# east coast in the house!!!!



## Guest (Oct 11, 2007)

from the snowshoe (wv) website...

"As of 3:20pm on Thursday, October 11 Snowshoe Mountain is experiencing the first snowfall of the season!"


not that it's anything significant or continuous, but it's happening!!! it's all happening!!!


----------



## alaric (Aug 28, 2007)

Lucky!!!!!! I think here in CNY we may get some within the next few days... it's just a hunch, but don't hold me to that.


----------



## killclimbz (Aug 10, 2007)

alaric, where in Central NY are you from? My lady is orginally from the Kingston, New Paltz area...


----------



## lisevolution (Sep 20, 2007)

I used to be somewhat of a legend in New Paltz a few years back... waaaaay too many college parties and rap battles won there.
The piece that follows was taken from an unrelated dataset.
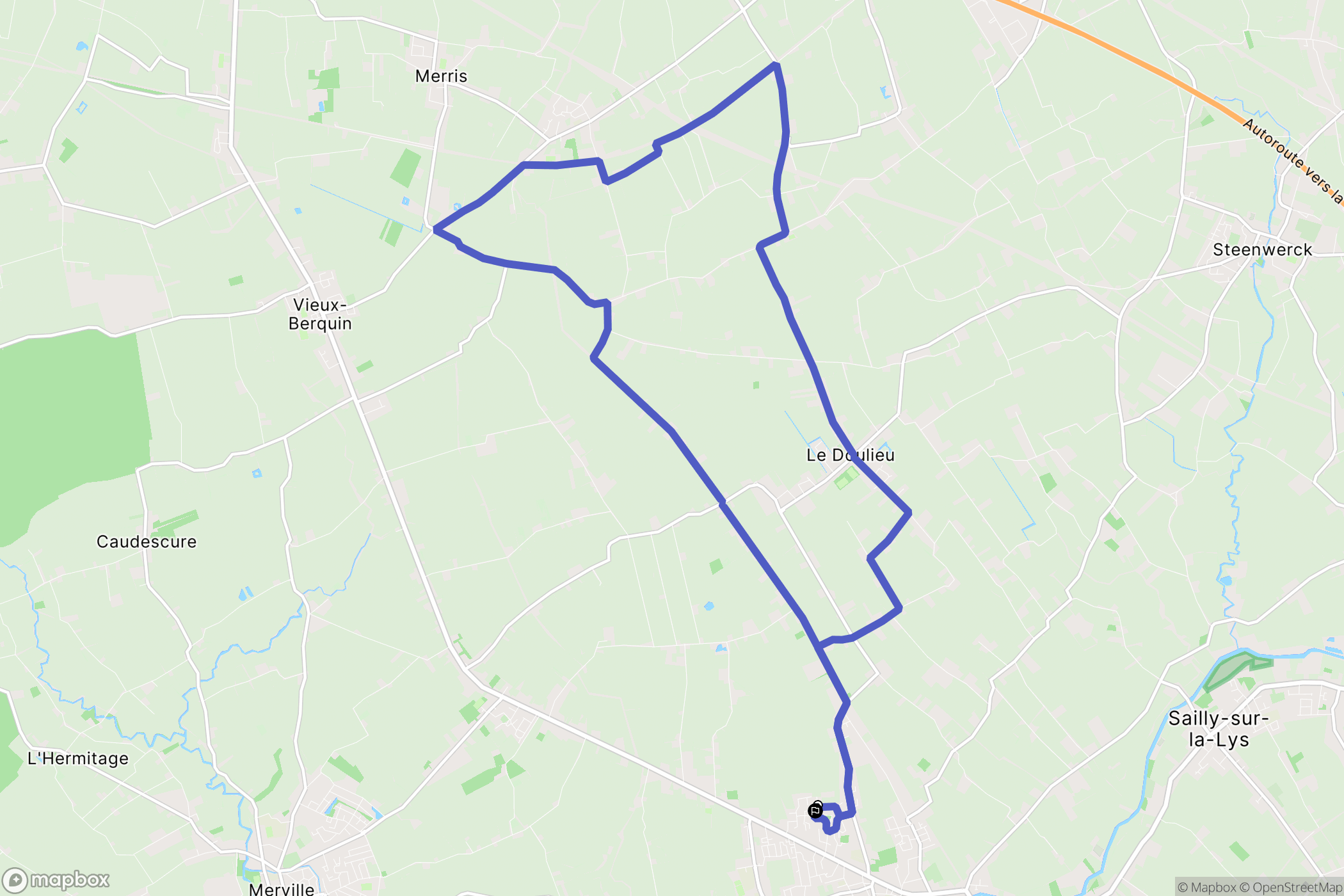 Estaires : carte du parcours de randonnée - France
Funny part of it is, I didn't even go to school there!!! A couple of my friends did and I would just be up there visiting so much that everyone knew me and if I wasn't there they would get pissed at my friends and make them call me just so they could yell at me for not being there


----------



## alaric (Aug 28, 2007)

I'm in the Syracuse area. It's probably about 2 hours away from New Paltz. New Paltz actually is inbetween the city and myself.


----------



## killclimbz (Aug 10, 2007)

Yeah New Paltz was a sweet town. We had lunch and beers at the Bearded Beaver..errrr Gilded Otter. Kewl place. We also went climbing at the Mohonk Preserve otherwise known as the Gunks. Fantastic place. Another day was spent hiking around skytop and doing the scramble trails they have on the cliffs around there. Fun all the way around. We are hoping to go visit her family out there next summer/fall. Stay tuned.


----------



## alaric (Aug 28, 2007)

Bearded Beaver, haha.

Yeah, it's great around there. If you end up getting out this way, let us know!


----------